STORED DATA →
========================

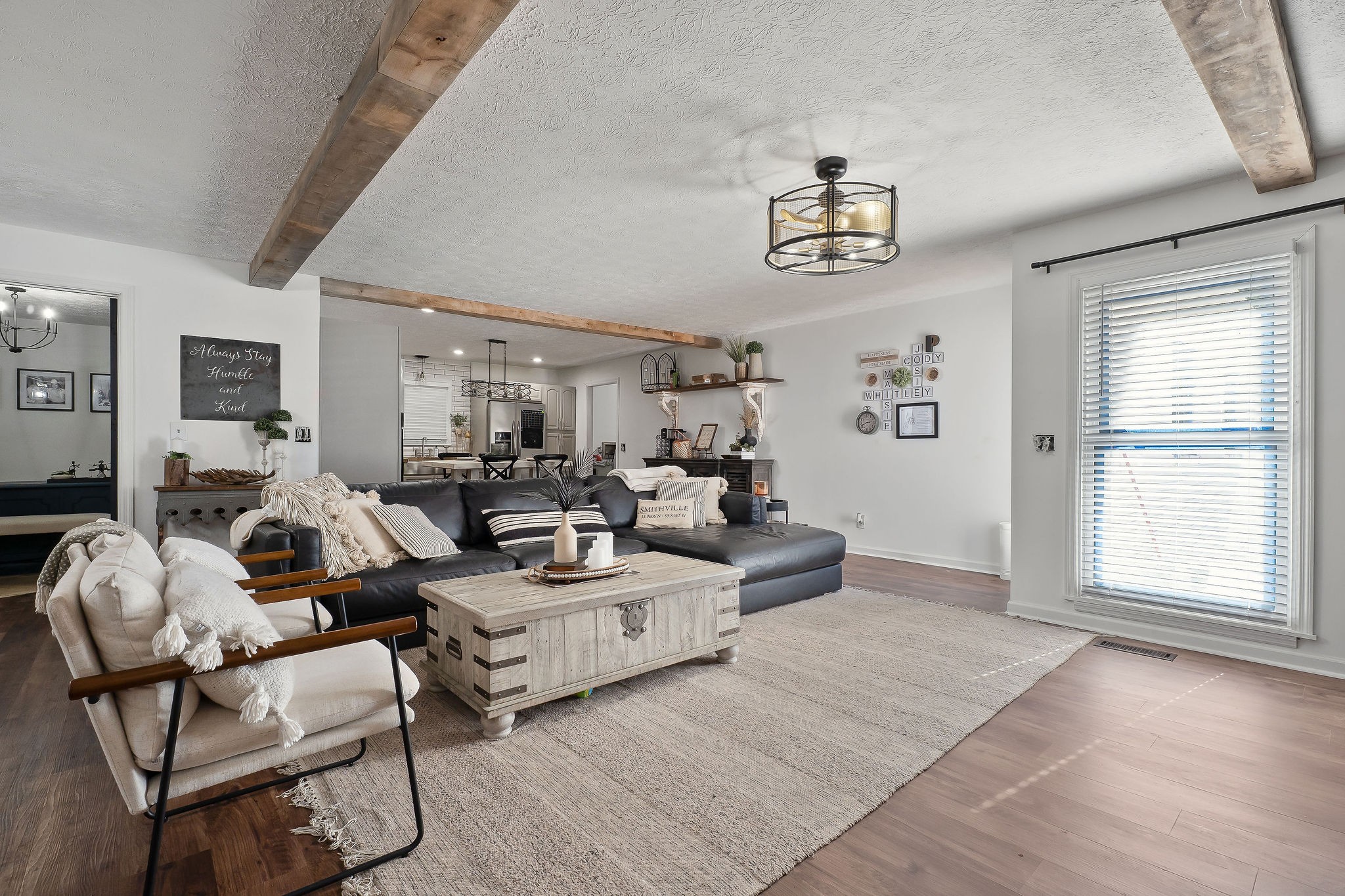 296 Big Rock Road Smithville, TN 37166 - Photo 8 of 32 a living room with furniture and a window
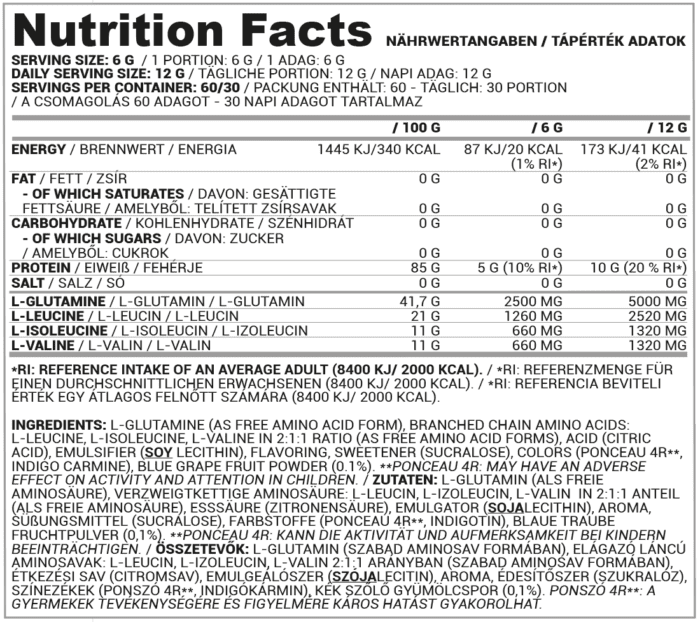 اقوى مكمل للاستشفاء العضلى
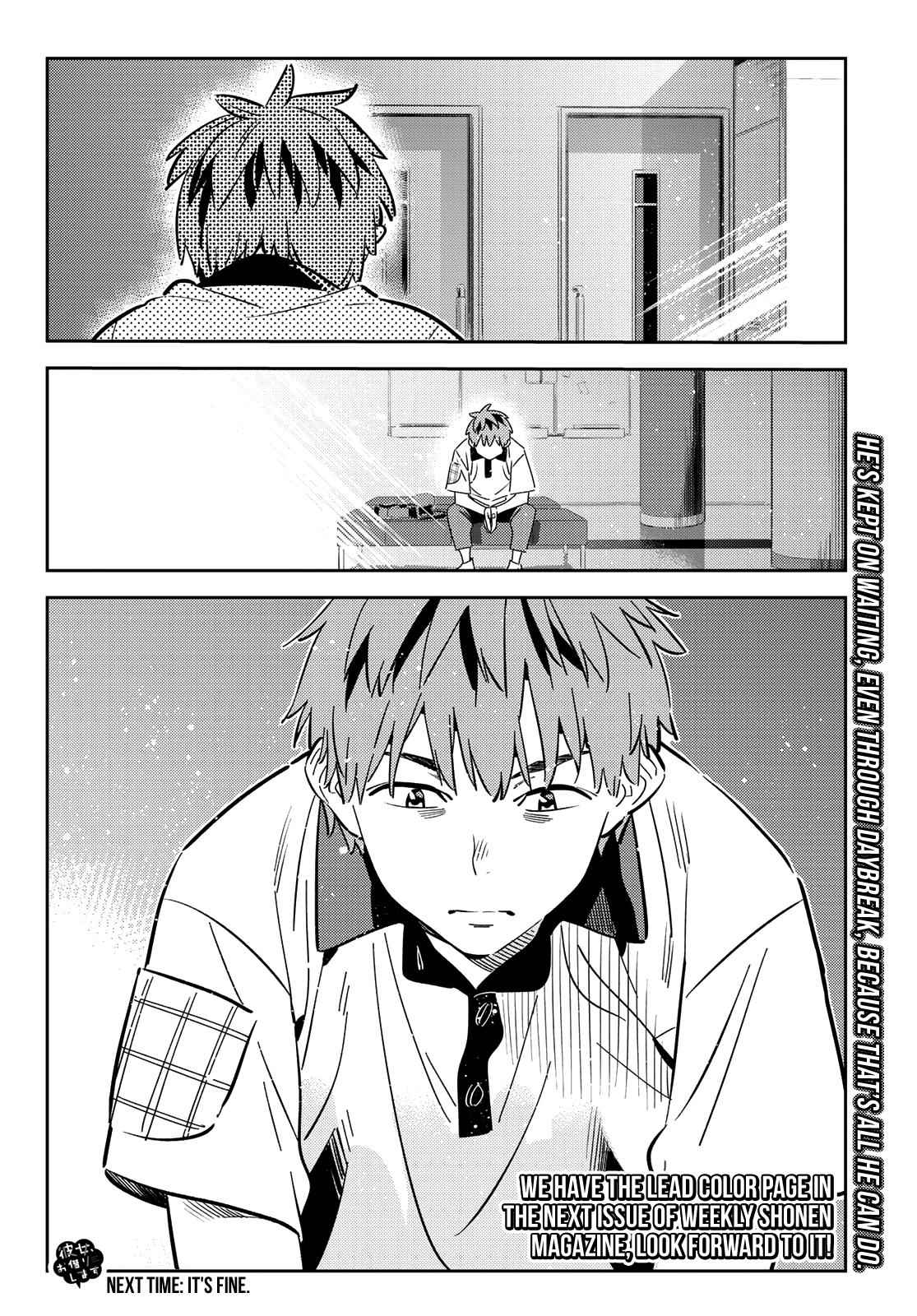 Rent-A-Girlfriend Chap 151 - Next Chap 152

========================

WHAT NEEDS TO BE DONE → Please return the whole listing exactly. Do not copy its images.

EXERCISE SOLUTION →
 296 Big Rock Road Smithville, TN 37166 - Photo 8 of 32 a living room with furniture and a window
 اقوى مكمل للاستشفاء العضلى
 Rent-A-Girlfriend Chap 151 - Next Chap 152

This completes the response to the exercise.